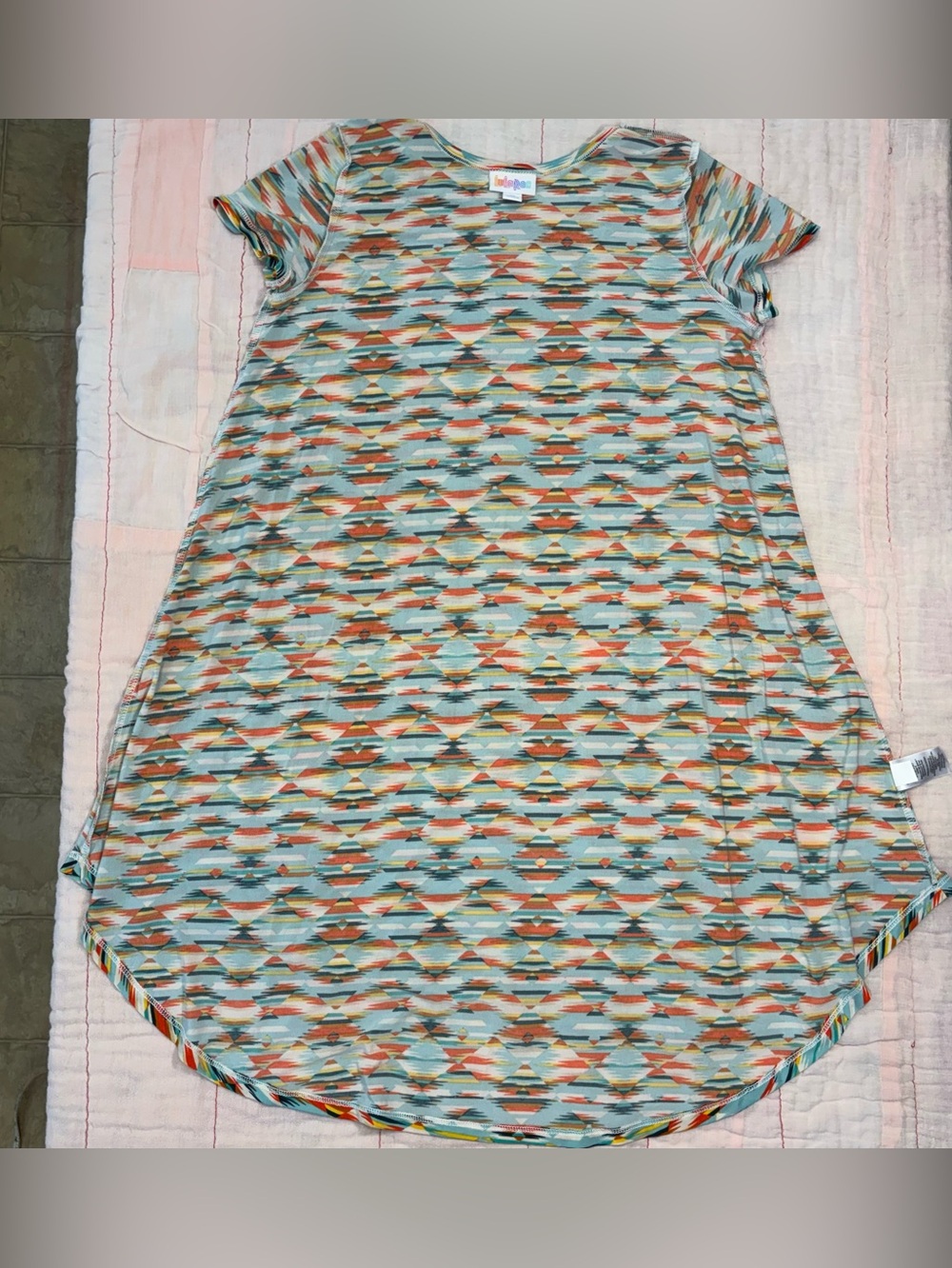 EUC LuLaRoe Girls Scarlett Dress, Sz 12, Aztec Design - Teal, Orange, Yellow - Picture 12 of 13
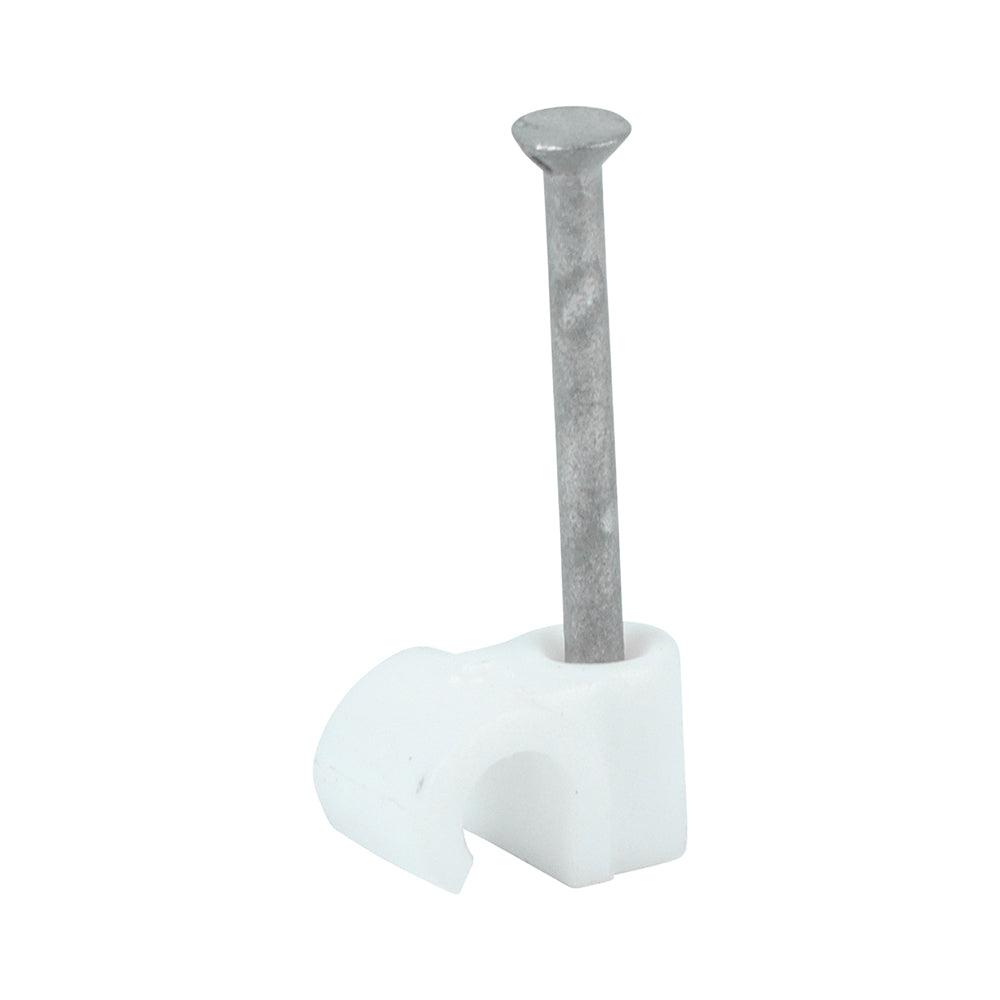 Manufactured from strong HDPE material with a hardened nail, these cable clips are designed for securing and tidying a wide range of cabling types to wood, compressed board and masonry.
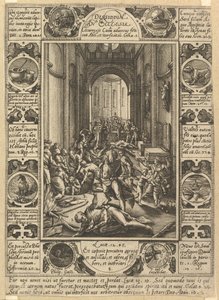 教会での論争は教会で起こります。 1578年。 作： Hendrik Goltzius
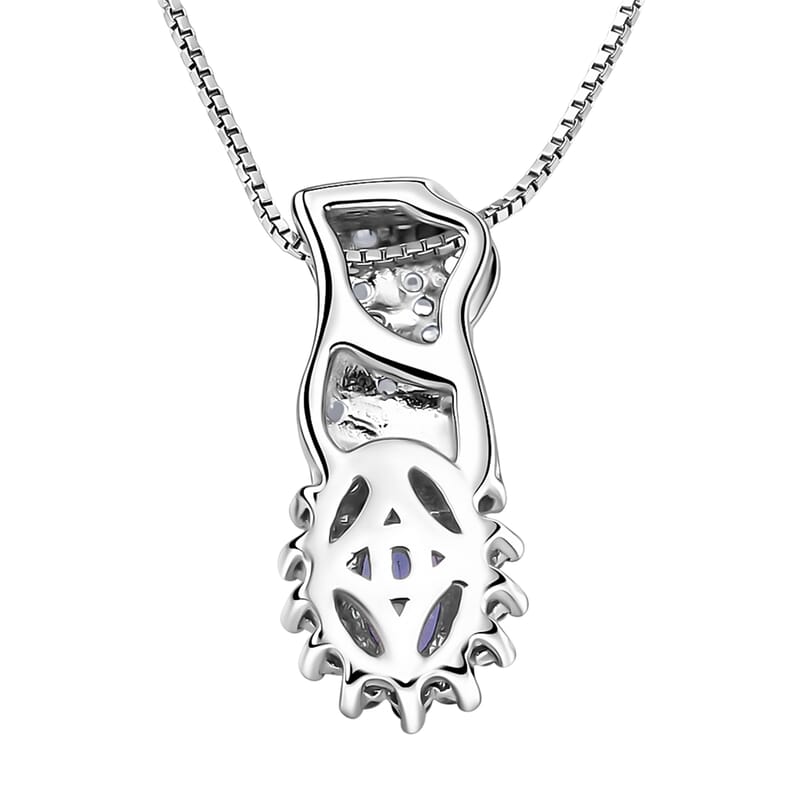 D'Joy AAA Tanzanite and White Zircon 1.00 ctw Grace Halo Pendant Necklace in Rhodium Over Sterling Silver 20 Inches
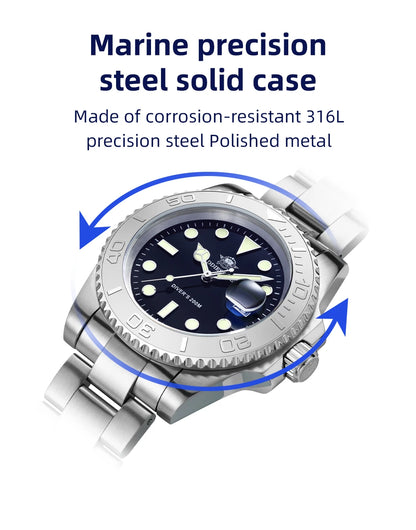 ADDIESDIVE Luxurious Men's Analog Quartz Watch BGW9 Luminous 20 Bar Waterproof Men's Diving Stainless Steel Men Watches H3.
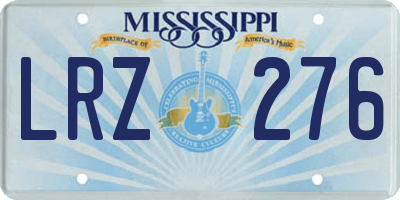 MS license plate LRZ276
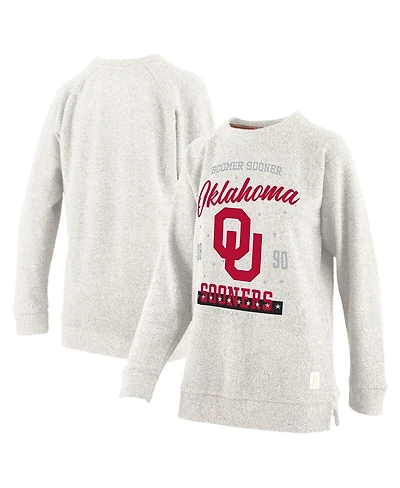 Pressbox Women's Oatmeal Oklahoma Sooners Plus Comfy Cairo Terry Pullover Sweatshirt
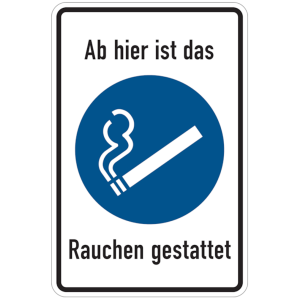 Dreifke&reg; Alu-Schild, gepr&auml;gt "Rauchen gestattet", 20x30cm (BxH), 1 St&uuml;ck, Pra...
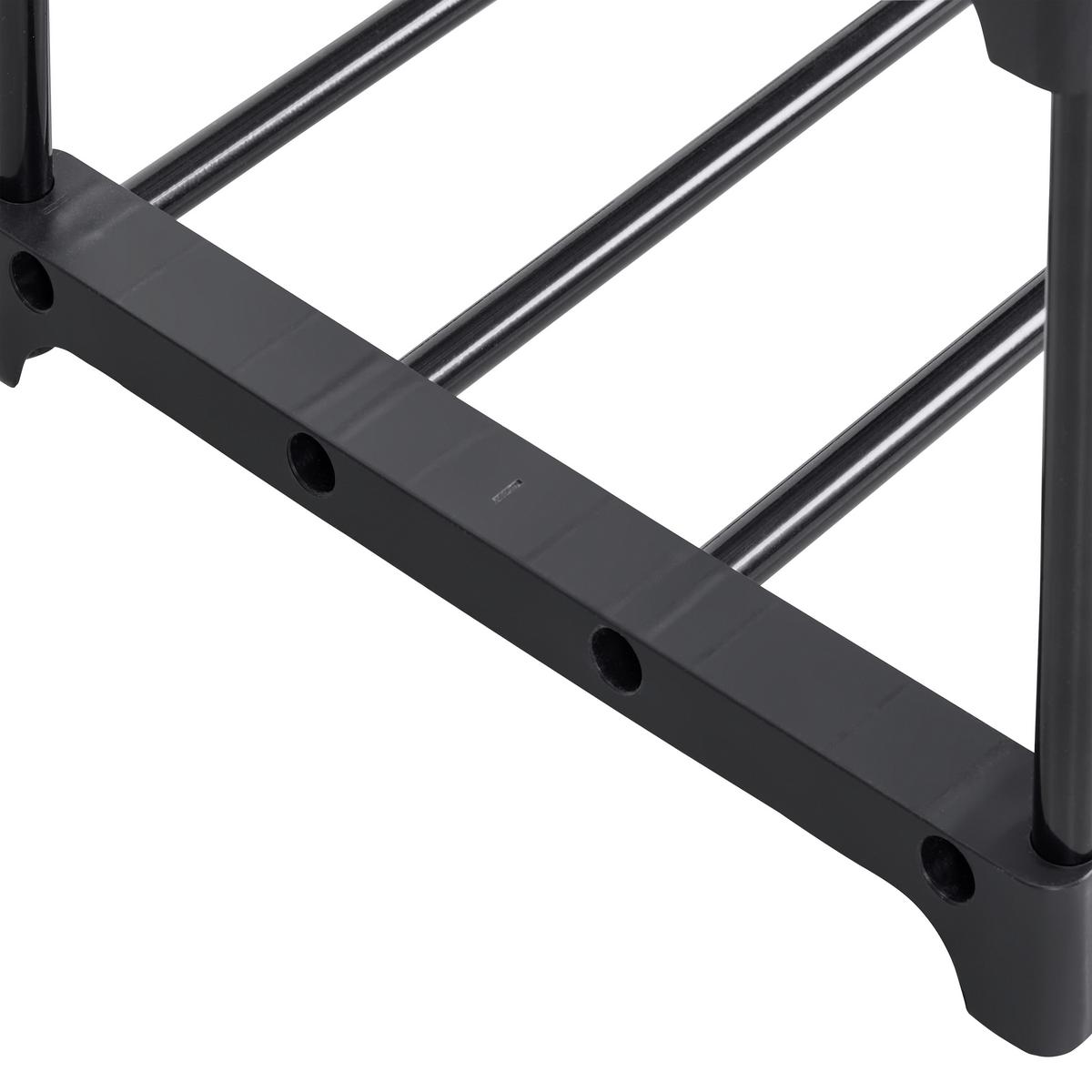 Schuhregal Grando Schwarz - Schwarz, Konventionell, Kunststoff/Metall (94/194/30cm) - Based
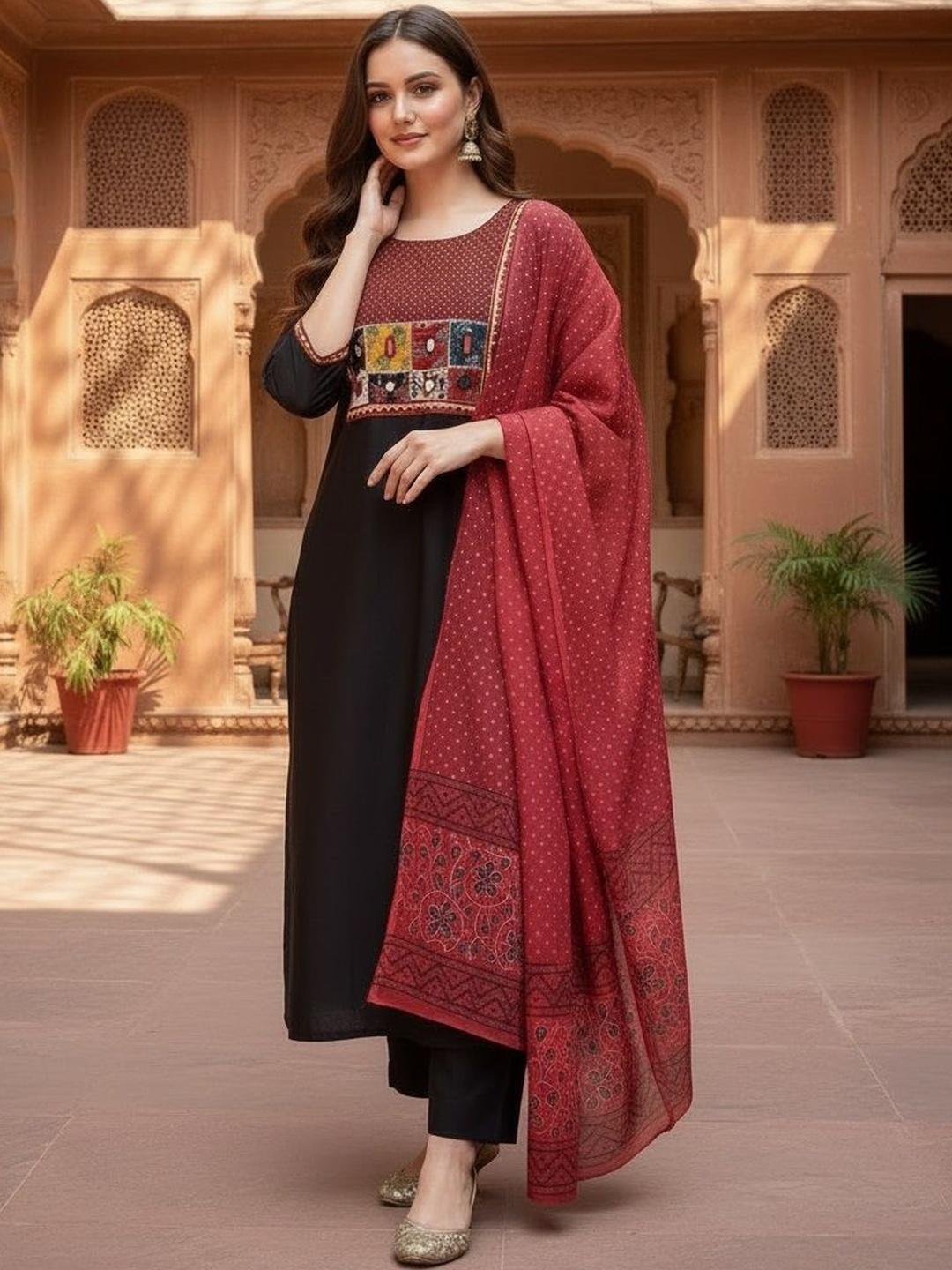 Ethnic Motifs Embroidered High Slit Threadwork Kurta with Trousers and Printed Dupatta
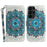 For Samsung Galaxy S23 Ultra Shockproof Phone Case Stand 3D Pattern Printing PU Leather Wallet Cover with Strap -  Peacock Wreath - 1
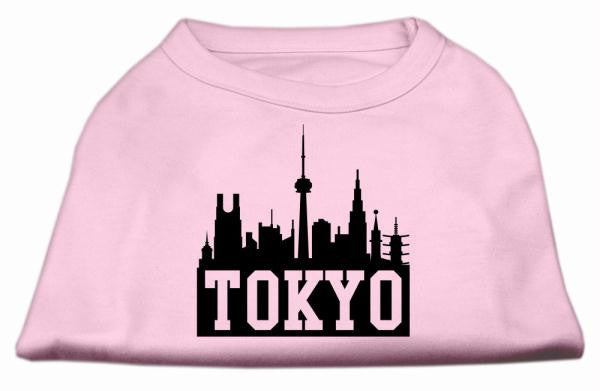 Tokyo Skyline Screen Print Shirt Light Pink Med (12)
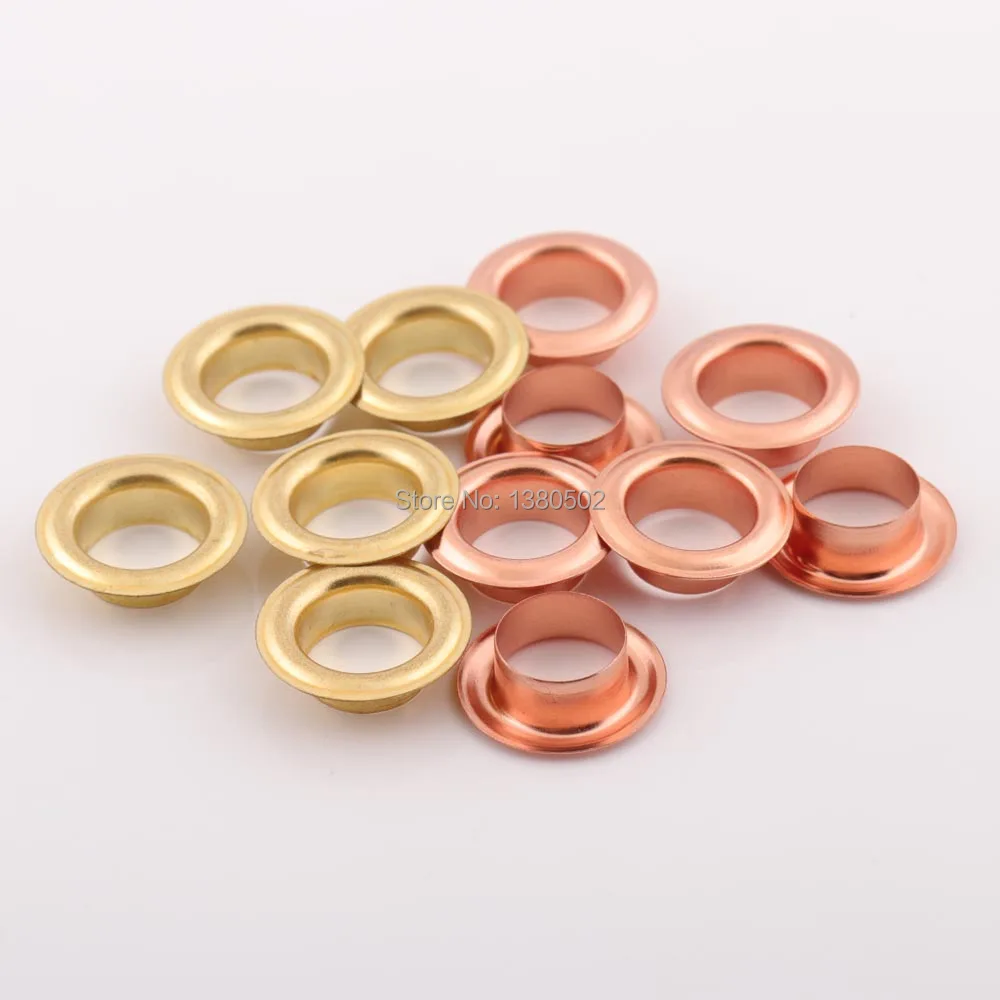 100pcs/lot 9/10/13/17/22mm outer diameter Rose gold color and gold color eyelets with washer grommets for bag belt  garment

------------------------------------------------

WHAT YOU SHOULD DO:
Every line above goes into the copy unchanged; the pictures do not.

ANSWER BELOW:
 EUC LuLaRoe Girls Scarlett Dress, Sz 12, Aztec Design - Teal, Orange, Yellow - Picture 12 of 13
 Manufactured from strong HDPE material with a hardened nail, these cable clips are designed for securing and tidying a wide range of cabling types to wood, compressed board and masonry.
 教会での論争は教会で起こります。 1578年。 作： Hendrik Goltzius
 D'Joy AAA Tanzanite and White Zircon 1.00 ctw Grace Halo Pendant Necklace in Rhodium Over Sterling Silver 20 Inches
 ADDIESDIVE Luxurious Men's Analog Quartz Watch BGW9 Luminous 20 Bar Waterproof Men's Diving Stainless Steel Men Watches H3.
 MS license plate LRZ276
 Pressbox Women's Oatmeal Oklahoma Sooners Plus Comfy Cairo Terry Pullover Sweatshirt
 Dreifke&reg; Alu-Schild, gepr&auml;gt "Rauchen gestattet", 20x30cm (BxH), 1 St&uuml;ck, Pra...
 Schuhregal Grando Schwarz - Schwarz, Konventionell, Kunststoff/Metall (94/194/30cm) - Based
 Ethnic Motifs Embroidered High Slit Threadwork Kurta with Trousers and Printed Dupatta
 For Samsung Galaxy S23 Ultra Shockproof Phone Case Stand 3D Pattern Printing PU Leather Wallet Cover with Strap -  Peacock Wreath - 1
 Tokyo Skyline Screen Print Shirt Light Pink Med (12)
 100pcs/lot 9/10/13/17/22mm outer diameter Rose gold color and gold color eyelets with washer grommets for bag belt  garment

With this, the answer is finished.